Often, the pilots would have to return without dropping supplies - a complaint that was heard from many villagers once the land routes opened.

"What could we do? We were carrying only the minimum possible fuel so we could carry more supplies.

“And if the people in one village held us up for more than a few minutes, we would just fly on to the next.”

Super mules

Particularly problematic for the choppers was to drop relief supplies at villages - tiny settlements really, often not larger than a dozen houses - close to mountain tops.

These areas have traditionally been served - in severe weather conditions for example - by the army’s animal transport units (ATUs) made up of mules.

The mules are amazing animals. Each one of them is trained to carry particular kinds of supplies.

Those trained in carrying ammunition will not carry guns and the ones trained to carry clothes will not transport food - each of these mules is a specialist.

And they can find their destination without human assistance.

They have been a critical part of military logistics for more than 50 years and the only means of helping villagers trapped in snowstorms in the harsh winter months.

The quake has reduced the ATUs to a fraction of their original strength, leaving the relief work entirely dependent on choppers.

“Some of the slopes are so steep - especially where levelled clearings have been swept down to the valley by the quake - that most of our airdrops just roll down to the river below,” says one pilot.

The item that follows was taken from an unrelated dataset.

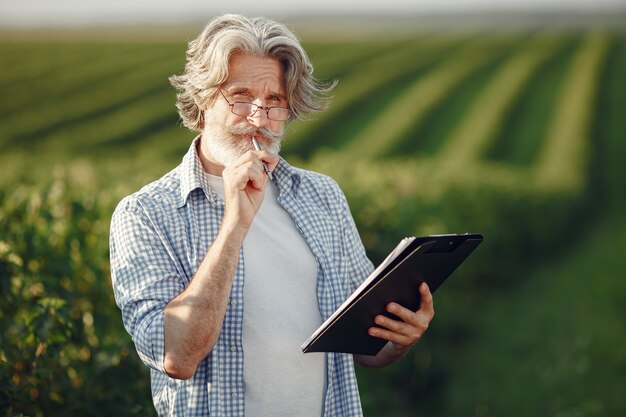 Le fermier examine le champ. L'agronome ou l'agriculteur examine la croissance du blé.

“We don’t want to hover too close to the survivors either, as the rotors would blow away whatever little shelter they are left with.”

Indeed, at the Muzaffarabad chopper base set up inside a stadium, people toppling over as mammoth US Blackhawks touch down or take off is a regular sight.

Thank you

The hardest part by far, say the pilots, is evacuating casualties.

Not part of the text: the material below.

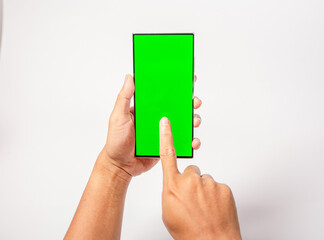 Mockup of man hand holding the black android smartphone with green screen white background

One of the hardest hit areas away from the towns and cities is Lipa valley.

The quake seems to have inflicted 100% damage here. From the tiniest of sheds to the brigade headquarters, nothing has been left standing.

Entire hillsides have caved in. Even the walkways leading up the hills have disappeared.

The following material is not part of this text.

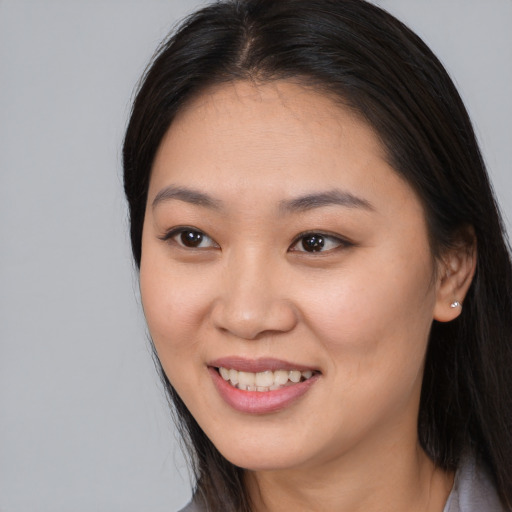 Joyful asian young-adult female with long  brown hair and brown eyes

A Medecins Sans Frontieres doctor, who had set up a medical camp at a small clearing, said even a week after the quake, between 100 to 150 people - most with fractures - were still making their way down the hills every day.

As the soldiers started bringing in casualties, it was easy to understand the pilots’ consternation.

On the 13-minute flight from Lipa valley back to Muzaffarabad, and the 32 minutes from there to Rawalpindi, the copter resembled a nightmare tomb.

The wounds of many among them have begun to fester and the aircraft stinks unbearably.

The casualties are packed like sardines and when rough winds shake the copter, many of them cry out in pain.

“This is the only thing that I still haven’t gotten used to,” says one of the crew.

“But we know that there are many more - hundreds or may be thousands - who still await evacuation.”

By the evening, the chopper has evacuated 95 casualties and dropped nearly 10 tonnes of relief supplies across the Lipa valley.

“No matter how much we do, we know there is still a lot more to be done,” says one of the crew.

“How can we even think of giving ourselves a break?”